As a boy he served as a temple page to the higher-ranking clerics and later became a lay priest, turning to art only when in his forties. Even though a late-bloomer, his talent surfaced quickly under the instruction of Kano school artists – probably Eitoku or Motonobu – and soon found employment decorating the sumptuous Jurakudai palace/fortress being built in Kyoto for the shogun Toyotomi Hideyoshi.

Painted in various intensities of ink, the two ferocious dragons loom out of swirling clouds, manifesting their immense power and spring-like coiled energy. The paintings demonstrate the Japanese genius of cropping images for maximum effect within the frames of the sliding doors, suggestive of film-directors squaring off scenes with the thumbs and forefingers of both hands to judge a good shot. In Japan, this cropping can often reduce the picture to just one branch of a tree for example – or parts of a dragon as in these paintings – but almost unheard-of in Western painting until the modern period.

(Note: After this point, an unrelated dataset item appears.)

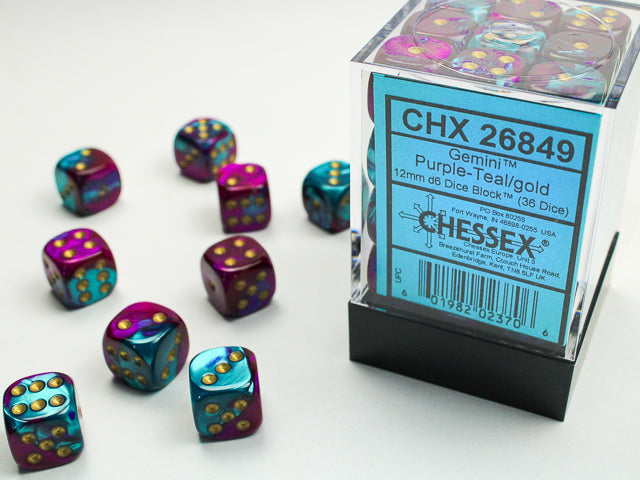 Chessex D6 Block: Gemini (Purple-Teal/Gold) - War Games USA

Kenninji Temple in the Edo Period

Kenninji Temple kept up with the artistic changes of the Edo period and two examples of work by the major Edo eccentrics, Ito Jakuchu (1716-1800) and the shorter-lived Nagasawa Rosetsu (1754-1799) are on show. The hanging scroll by Jakuchu is one of his masterpieces showing a rooster in a snowy landscape with flowering prunus and camellia, finely painted in ink and colours on silk. As with all of Jakuchu’s works the painting reveals his unique, cleverly thought-out sense of design in which all components tease and delight the eye.

Against a gloomy wintry sky and snow-covered foliage, the only strong colours to be seen are the rooster’s yellow feet and his vivid comb echoes the red camellias above. (By the way, this is the same painting illustrated on the cover of the catalogue of the superb Jakuchu exhibition held at the New York Asia Society galleries in 1989.)

Nasagawa Rosetsu Painting of a Boy Playing a Flute

A painting of a boy playing a flute while seated on a water-buffalo by Nagasawa Rosetsu demonstrates the incredibly controlled brushwork of this now-fashionable Edo eccentric as well as his cartoon-like humorous way of expressing the subject. Yet it also illustrates the very deep Zen hurdle of taming the mind. In sitting meditation, the practitioner is exhorted to empty the mind and think of nothing, yet most will find this impossible at first.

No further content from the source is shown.